> **PROBLEM**: Set down every record below exactly as it appears, but without the pictures.
★ ★ ★ ★
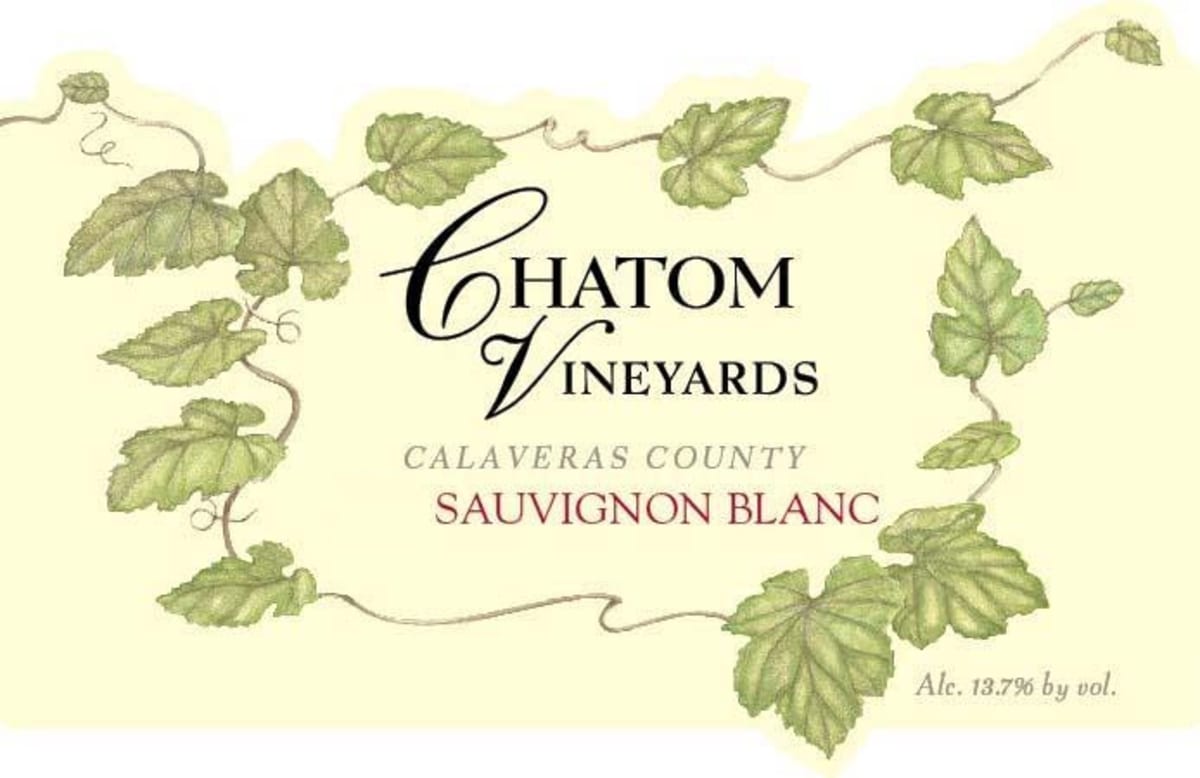 Chatom Sauvignon Blanc 2013 Front Label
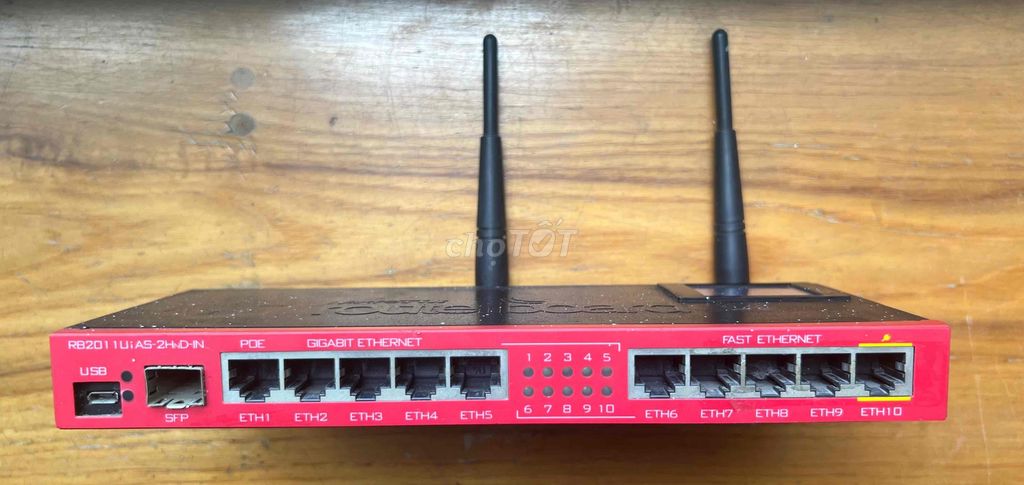 Mikrotik router wifi RB2011UIAS•2HnD -IN. Mua bán Phụ kiện (Màn hình, Chuột...) tại Quận Tân Phú Tp Hồ Chí Minh được đăng bởi Danh hình 1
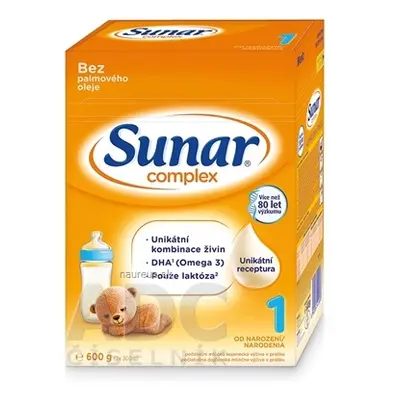 Semper AB Sunar Complex 1 počáteční mléčná výživa (od narození) (inov.2020) 1x600 g 600g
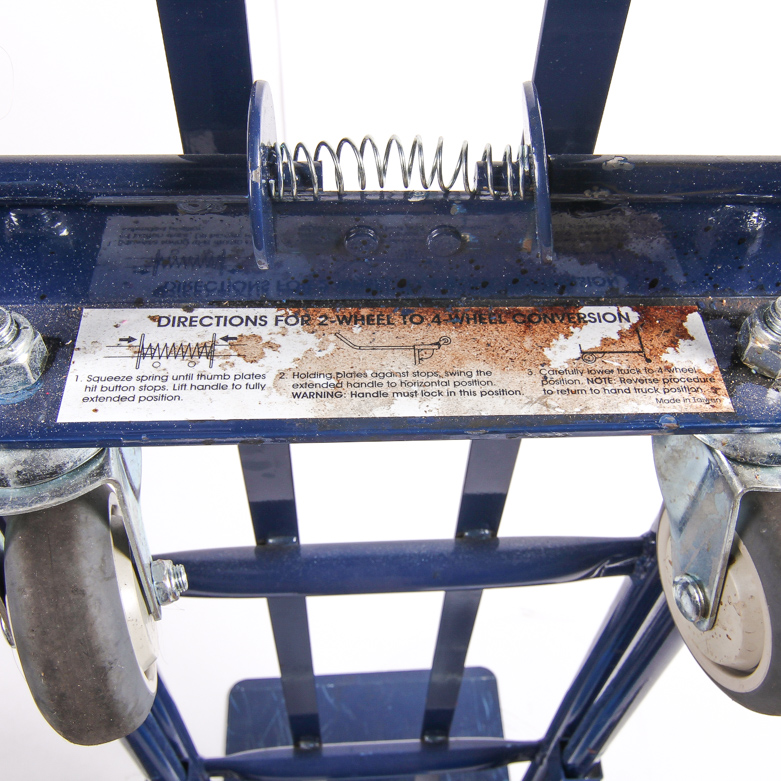 ULINE Convertible Steel Hand Truck with Solid Wheels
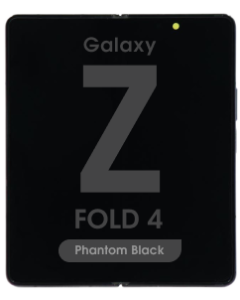 OEM Pull - OLED Screen and Digitizer Assembly w/ Frame for Samsung Galaxy Z Fold 4 (F936) (US / International Version) (Main Screen) (Grade C) (Phantom Black)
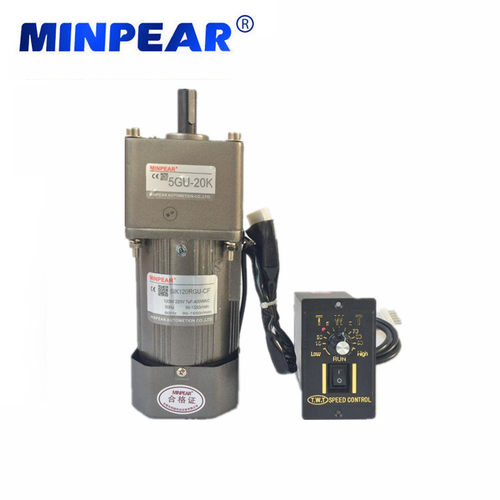 90W调速电机 明牌单相异步齿轮交流电动机 5IK90RGU-CF 5GU60K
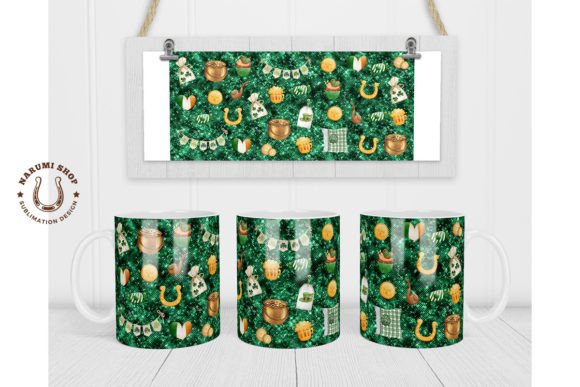 Download St Patricks Glitter Mug Sublimation Wrap - Glitter mug sublimation Collection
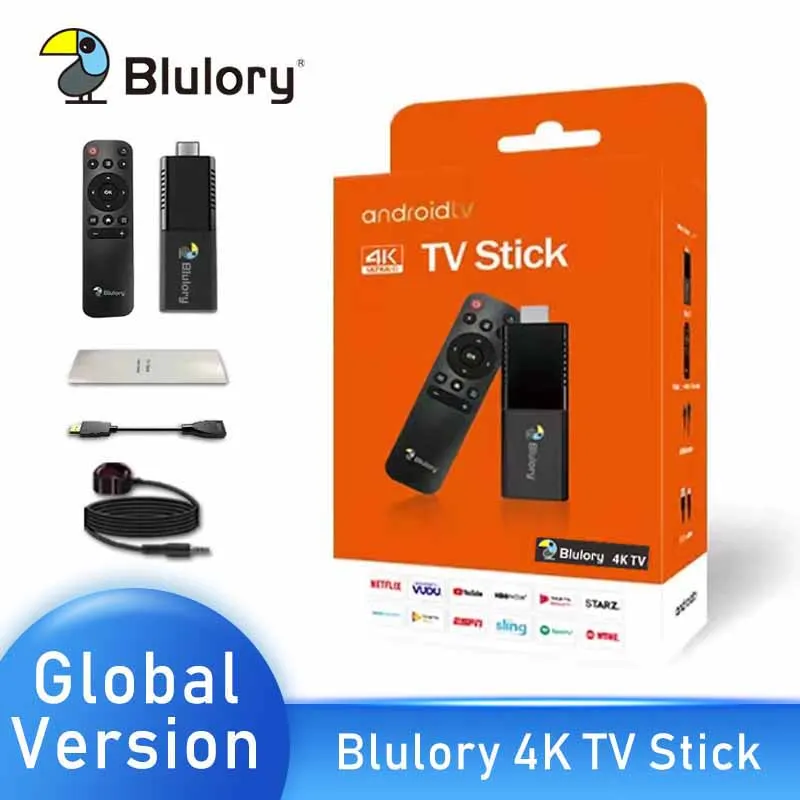 Blulory 4K 60 кадров в секунду ТВ-трость Android HDMI2.0a 3D устройство для снятия шума телефон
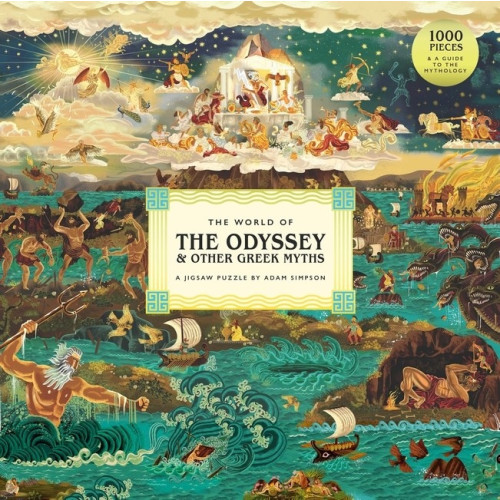 Adam Simpson Pussel The World of the Odyssey & Other Greek Myths 1000 bitar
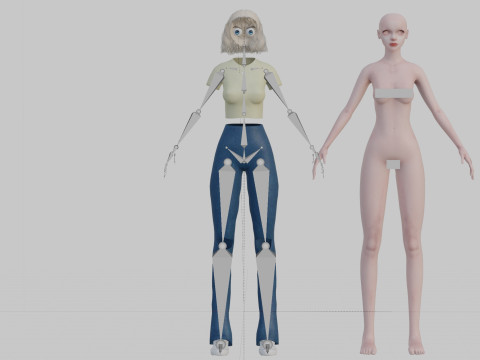 Pretty cool woman V26115 Modèle 3D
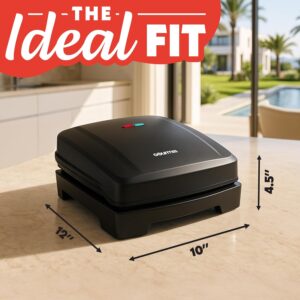 Gourmia Indoor Grill & Panini Maker – 4 Serving Contact or Open Grill, Nonstick Ceramic, Preheat Indicator Light, Slope Design with Removable Dishwasher Safe Drip Tray - Image 8
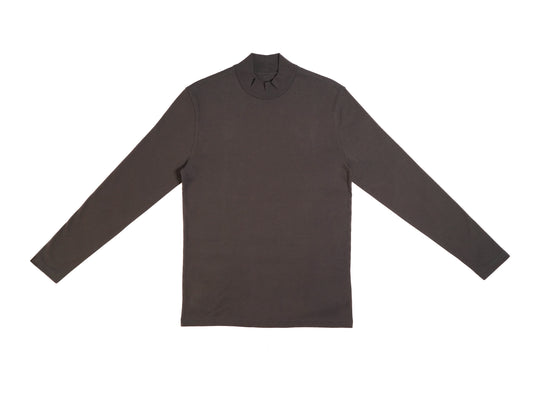 charcoal mock tee long sleeve shirt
★ ★ ★ ★
> **RESPONSE AREA**:
 Chatom Sauvignon Blanc 2013 Front Label
 Mikrotik router wifi RB2011UIAS•2HnD -IN. Mua bán Phụ kiện (Màn hình, Chuột...) tại Quận Tân Phú Tp Hồ Chí Minh được đăng bởi Danh hình 1
 Semper AB Sunar Complex 1 počáteční mléčná výživa (od narození) (inov.2020) 1x600 g 600g
 ULINE Convertible Steel Hand Truck with Solid Wheels
 OEM Pull - OLED Screen and Digitizer Assembly w/ Frame for Samsung Galaxy Z Fold 4 (F936) (US / International Version) (Main Screen) (Grade C) (Phantom Black)
 90W调速电机 明牌单相异步齿轮交流电动机 5IK90RGU-CF 5GU60K
 Download St Patricks Glitter Mug Sublimation Wrap - Glitter mug sublimation Collection
 Blulory 4K 60 кадров в секунду ТВ-трость Android HDMI2.0a 3D устройство для снятия шума телефон
 Adam Simpson Pussel The World of the Odyssey & Other Greek Myths 1000 bitar
 Pretty cool woman V26115 Modèle 3D
 Gourmia Indoor Grill & Panini Maker – 4 Serving Contact or Open Grill, Nonstick Ceramic, Preheat Indicator Light, Slope Design with Removable Dishwasher Safe Drip Tray - Image 8
 charcoal mock tee long sleeve shirt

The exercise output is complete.